What you have to do
Transcribe the records below word for word, leaving every picture out.

Records provided
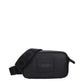 Black Leather Crossbody Bag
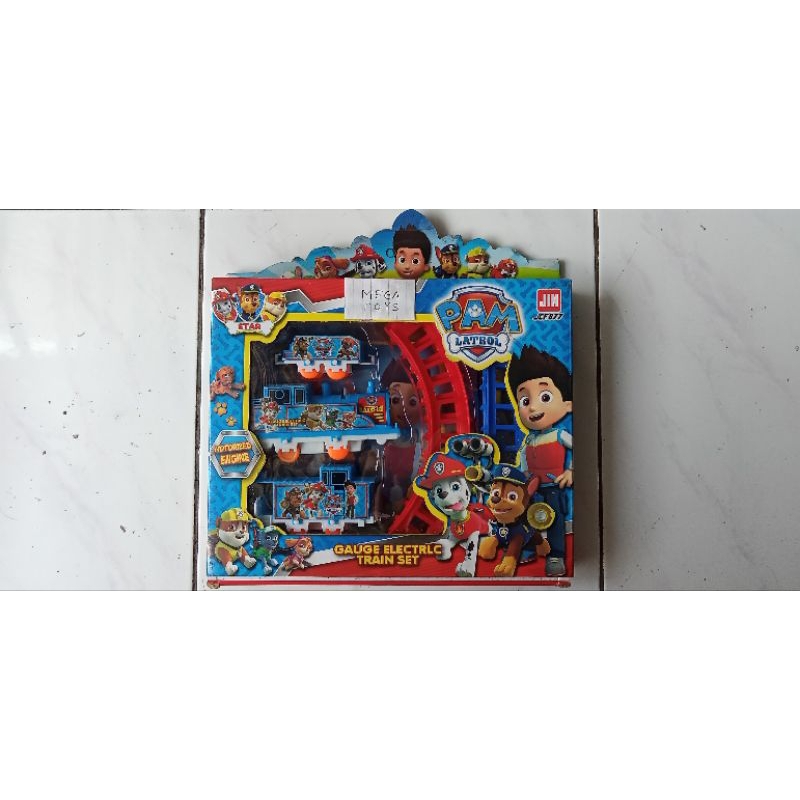 Jual Mainan Kereta Api Paw Patrol Murah Dan Lengkap Dengan Baterai ...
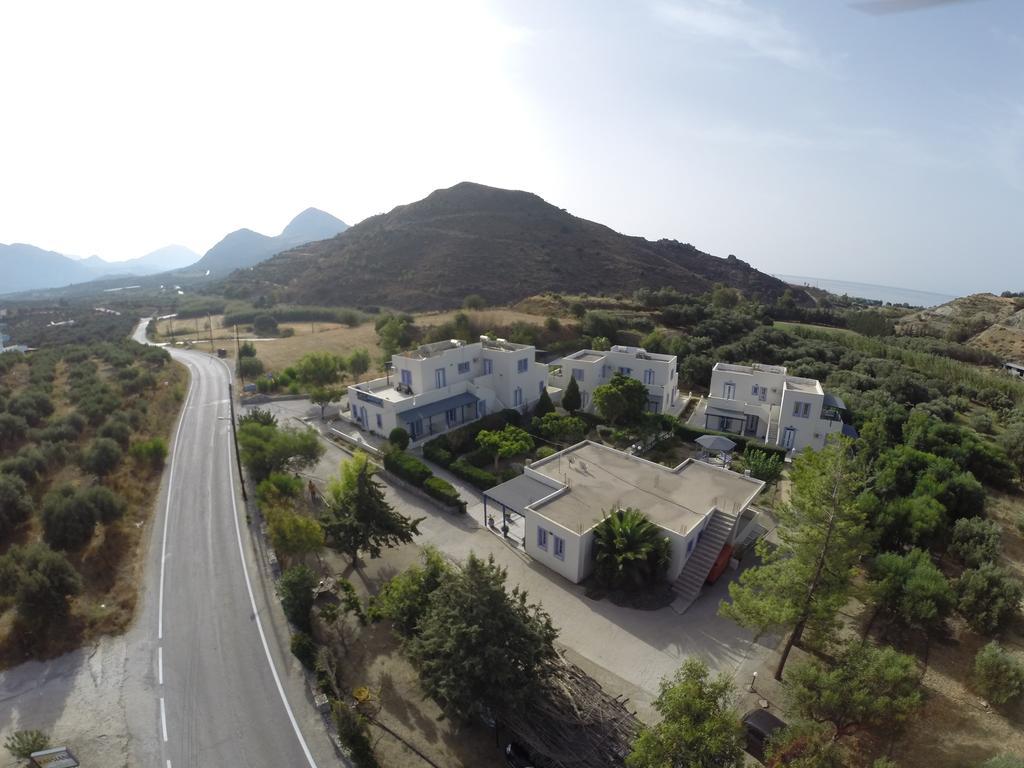 Anna Ageliki Aparthotel Damnoni Ngoại thất bức ảnh
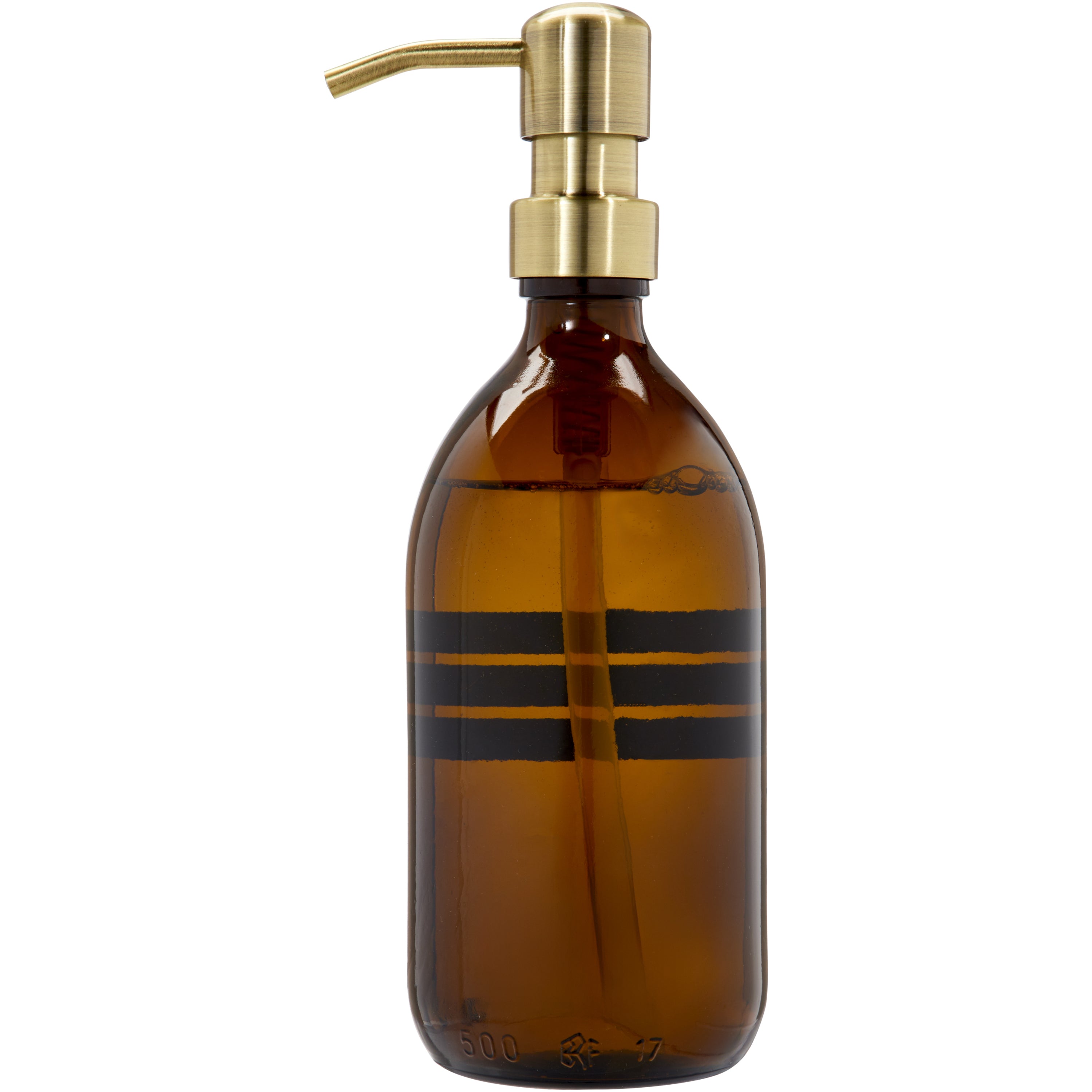 Luxury Glass Soap Dispenser with Vegan Hand Soap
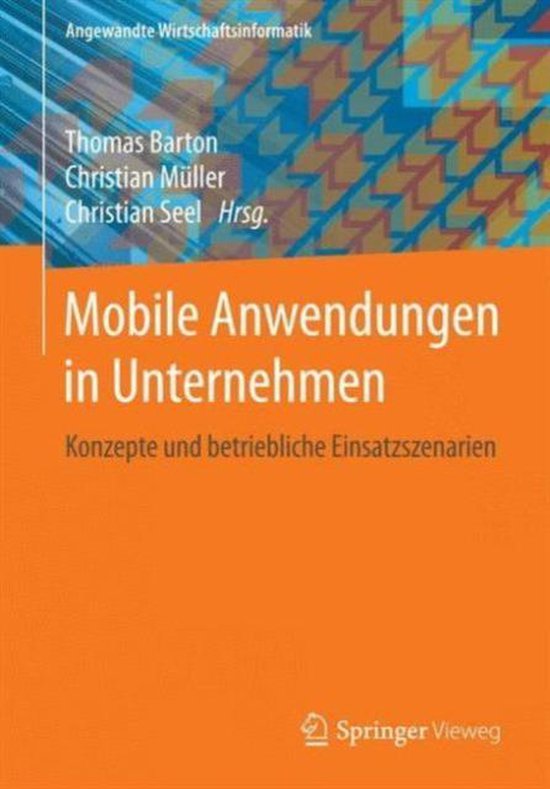 Mobile Anwendungen in Unternehmen - cover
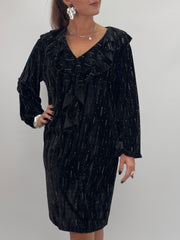 Sammetsklänning Indira med strass - Gemini hos Lilla Hem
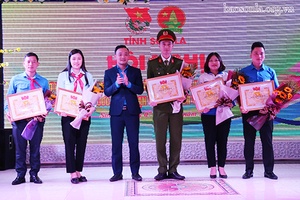 Liên hoan các đội tuyên truyền măng non về phòng, chống đuối nước và tai nạn thương tích trẻ em năm 2020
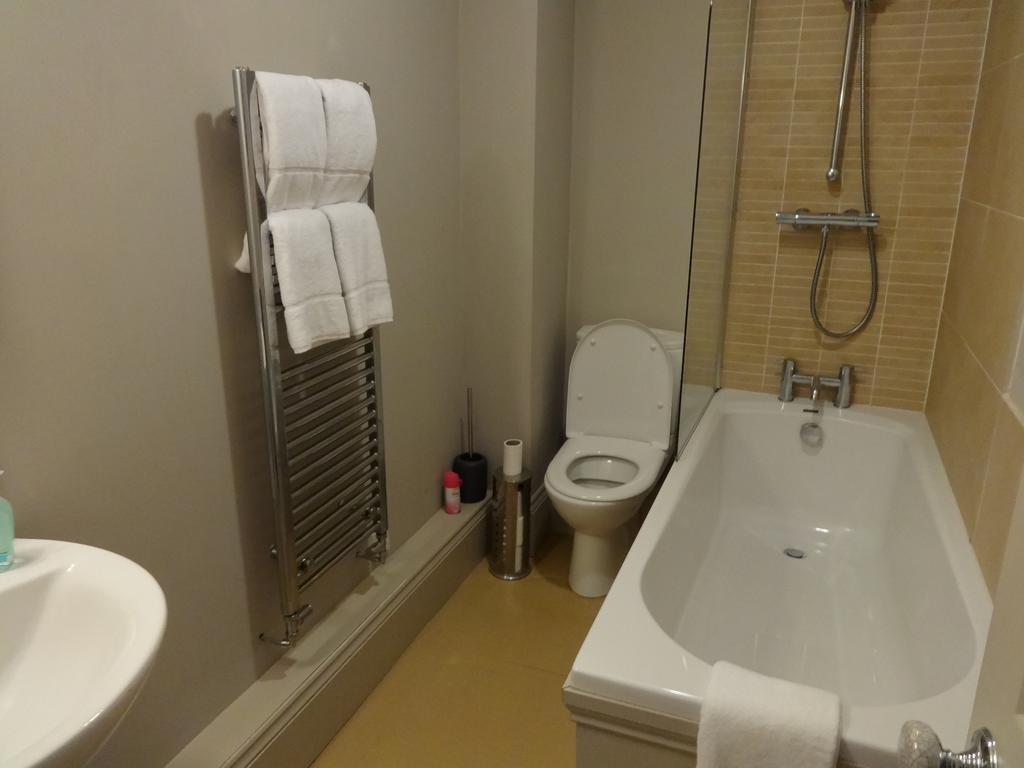 Awel Mor Holiday Apartment Аберистуит Экстерьер фото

Output of the task
 Black Leather Crossbody Bag
 Jual Mainan Kereta Api Paw Patrol Murah Dan Lengkap Dengan Baterai ...
 Anna Ageliki Aparthotel Damnoni Ngoại thất bức ảnh
 Luxury Glass Soap Dispenser with Vegan Hand Soap
 Mobile Anwendungen in Unternehmen - cover
 Sammetsklänning Indira med strass - Gemini hos Lilla Hem
 Liên hoan các đội tuyên truyền măng non về phòng, chống đuối nước và tai nạn thương tích trẻ em năm 2020
 Awel Mor Holiday Apartment Аберистуит Экстерьер фото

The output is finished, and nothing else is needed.